A volte si aprono piccole dimensioni sulle cose che ci succedono, come quando pensi ad una persona e poi appare, o hai la sensazione che dovrà accadere qualcosa che poi accade.
Una mattina, mentre facevo colazione, ho visto il trailer di “Life of Chuck” e ho avuto la netta impressione che questo film sarebbe stato qualcosa di importante per me.
Inizio subito con quello che ha fatto nascere questo capolavoro d’umanità. Il primo passo è Stephen King che in uno dei suoi libri, una raccolta intitolato “Se scorre il sangue”, scrisse il racconto “La vita di Chuck”. Eravamo nel 2020, e appena uscito il libro, la società di produzione di Darren Aronofsky (Protozoa Pictures) compra i diritti per farci un film.

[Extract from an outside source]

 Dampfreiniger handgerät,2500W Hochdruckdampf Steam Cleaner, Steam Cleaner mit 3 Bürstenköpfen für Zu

Tre anni dopo annunciano che il regista Mike Flanagan, conoscitore delle opere di King, dirigerà il progetto adattando il racconto al grande schermo. I protagonisti sarebbero stati Tom Hiddleston e Mark Hamill.
Fanno il film, creano il trailer, e io una mattina lo guardo e una mano invisibile mi batte sulla spalla e una voce silenziosa mi dice “è questo”.
“Life of Chuck” è un film che riesce a catturare la profondità dell’animo umano attraverso una narrazione delicata e potente. È un esercizio di vera e propria riflessione sull’esistenza, la memoria e il senso del tempo.
Il film è diviso in tre parti:
La prima parte, Atto III Grazie Chuck!, ci spiazza totalmente. Vediamo la fine di qualcosa, persone che si stringono umanamente tra di loro in attesa della fine. Vediamo cartelloni pubblicitari che ringraziano Chuck, mostrandoci il bel volto di Hiddleston.
La seconda parte, Atto II Artisti di strada, sostanzialmente diventa il simbolo del ballo della vita. Due persone sconosciute che si prendono per mano e ballano ad un ritmo di un artista da strada. “Perchè hai iniziato a ballare?” “Non lo so”.
La terza parte, Atto I Contengo moltitudini, ci abbraccia. Siamo noi il bambino con gli occhiali grossi, o con le orecchie a sventola. Siamo noi sgomenti e spaesati alla ricerca di un significato più grande di noi che forse non arriverà mai.
Tom Hiddleston offre una prova attoriale intensa e sfumata, rendendo Chuck un personaggio fragile ma incredibilmente vicino allo spettatore, mentre Mark Hamill aggiunge una presenza solida e rassicurante al cast.
La regia di Flanagan è dolce e morbida, attenta ai dettagli e alle sfumature emotive: ogni scena sembra costruita per evocare una sensazione di familiarità e al contempo di mistero, come se la vita stessa di Chuck fosse un mosaico di piccole epifanie e grandi domande.
Il film non si limita a raccontare una storia, ma ci invita a interrogarci su ciò che resta di noi nelle vite degli altri, su quei momenti di coincidenza e di connessione che danno senso alle nostre giornate.
“Life of Chuck” è una pellicola che lascia il segno e fa riflettere, come raramente accade in una sala di cinema. Nel vederlo mi sono sentito piccolo davanti all’immensità di quello che stavo vedendo, come un uomo che ha vissuto, ha ballato, e alla fine ha ricevuto amore da chi amava.
Un film stupendo che credo vada visto più volte, e che ci permetterà di fare il punto della nostra esistenza quando ci dedicheremo alla sua visione.
Buon viaggio, buon abbraccio a tutti.